Mediasi tersebut berlangsung pada Selasa (5/5/2026) pukul 16.00–20.00 WIT di Aula Inspektorat Halmahera Selatan.
Menurut Sefnat, selama ini Arifin Saroa memilih diam meski kerap mendapat tudingan dalam pemberitaan terkait polemik lahan.
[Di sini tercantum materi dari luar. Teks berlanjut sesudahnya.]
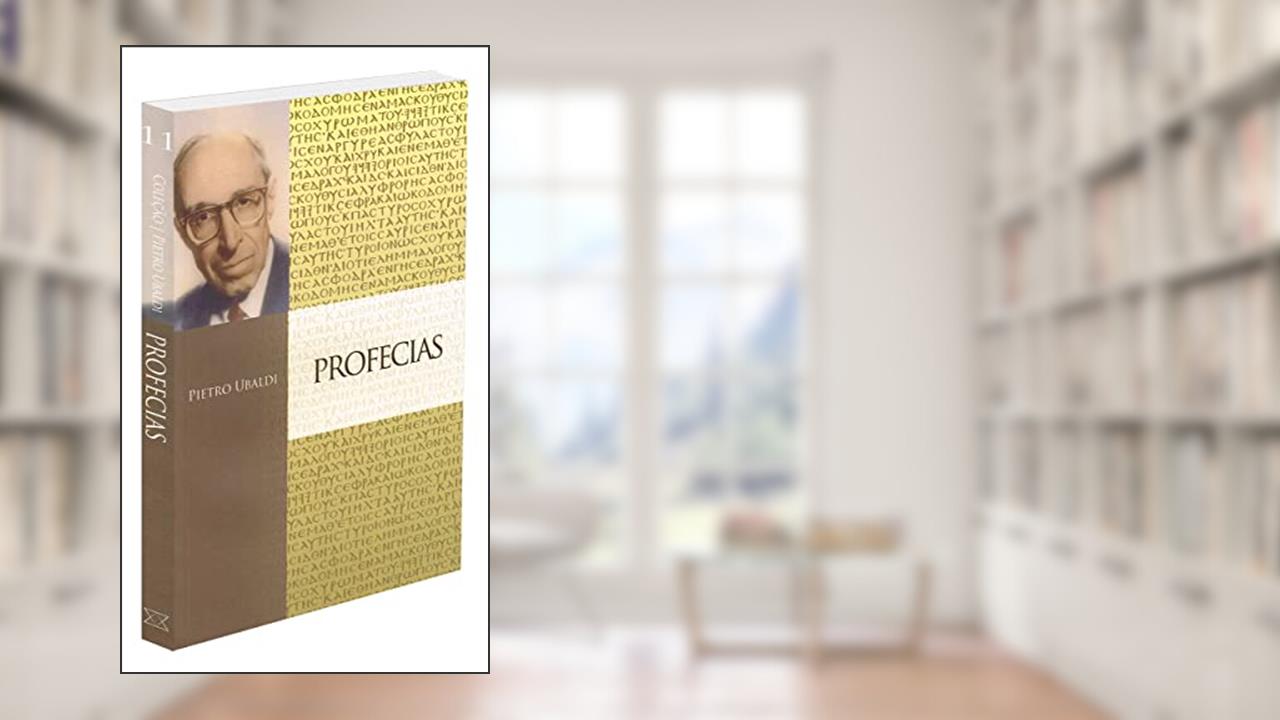 Capa de Profecias, do autor Pietro Ubaldi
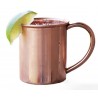 Mug Russe en cuivre véritable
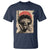 African American Female Samurai Warrior T Shirt Japanese Art Black Onna Bugeisha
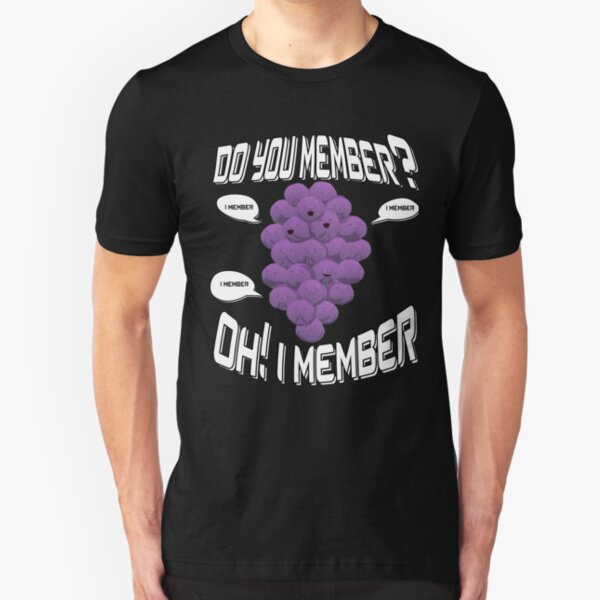Member Berries T-shirt Slim Fit T-Shirt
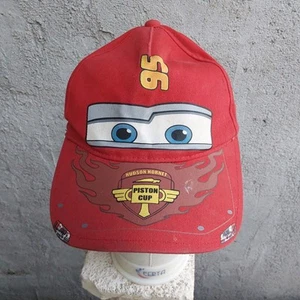 Cars Disney Pixar Baseball Cap Youth Snap Back Adjustible Hat New Hudson Hornet - Picture 1 of 10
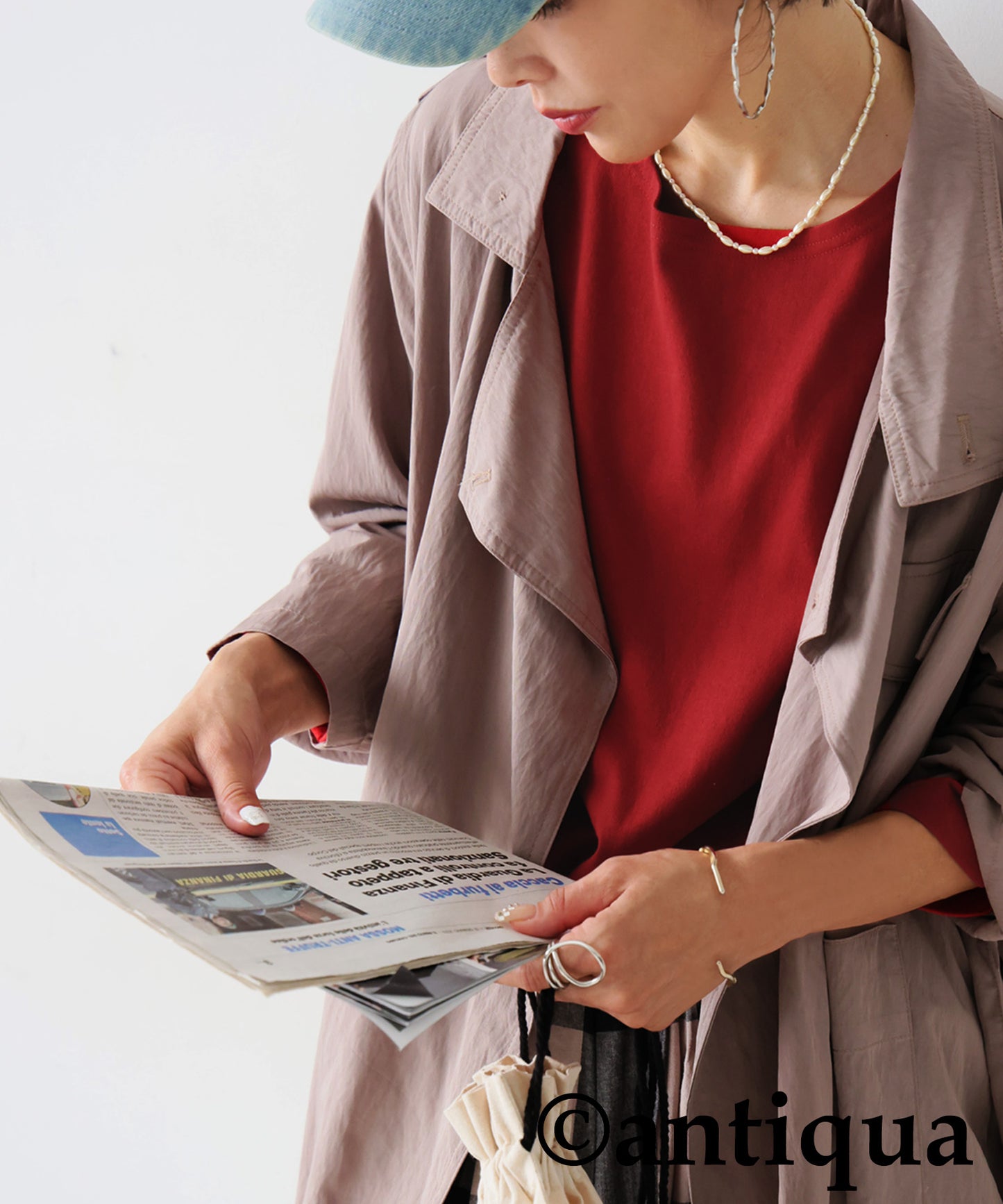 Basque Long T-Shirt Ladies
Namun, kehadirannya dalam mediasi dinilai menjadi momentum penting untuk memberikan klarifikasi secara langsung.
“Selama ini beliau memilih diam meski mendapat berbagai tudingan. Kehadiran Arifin dalam forum mediasi ini menjadi momen penting untuk menjelaskan sekaligus meluruskan informasi yang berkembang,” ujar Sefnat, Rabu (6/5/2026).
Ia menjelaskan, Arifin Saroa yang hadir didampingi adiknya, Reymond Saroa, tidak hanya sekadar memenuhi undangan mediasi, tetapi juga menunjukkan sikap tegas dalam menegaskan posisi dan klaim kepemilikan lahan yang dipersoalkan.
Dalam forum tersebut, lanjut Sefnat, Arifin menyampaikan penjelasan secara lugas dan sistematis. Ia memaparkan kronologi kepemilikan lahan secara runtut tanpa berbelit-belit, sehingga memberikan gambaran yang jelas kepada para pihak yang hadir.
“Dari penjelasannya, terlihat bahwa beliau menyampaikan kronologi secara runtut, santai namun tegas, tanpa terkesan mengada-ada,” tambahnya.
Lebih lanjut, Sefnat menyoroti langkah Arifin yang mempertanyakan dokumen jual beli lahan yang diklaim dilakukan oleh pihak Alimusu pada tahun 1997. Menurutnya, langkah tersebut penting untuk memperjelas duduk perkara dalam sengketa yang terjadi.
Ia mengungkapkan bahwa terdapat dokumen kepemilikan lahan oleh ayah Arifin sejak tahun 1990. Karena itu, keabsahan klaim transaksi pada tahun 1997 perlu ditelusuri lebih lanjut guna memastikan status hukum lahan tersebut.
“Ini menjadi poin krusial dalam menentukan status kepemilikan lahan. Semua harus dibuktikan secara administrasi dan hukum,” jelasnya.
Sefnat juga mengajak seluruh pihak untuk menyikapi persoalan ini secara objektif dan rasional, tanpa dipengaruhi kepentingan tertentu.
Ia menegaskan, apabila masih terdapat perbedaan pandangan antara kedua pihak, yakni Arifin Saroa dan Alimusu, maka penyelesaian melalui jalur hukum merupakan langkah yang tepat untuk memperoleh kepastian.
“Jika masih ada perbedaan pandangan, sebaiknya ditempuh melalui jalur hukum agar ada kepastian yang jelas dan berkekuatan hukum tetap,” tutupnya.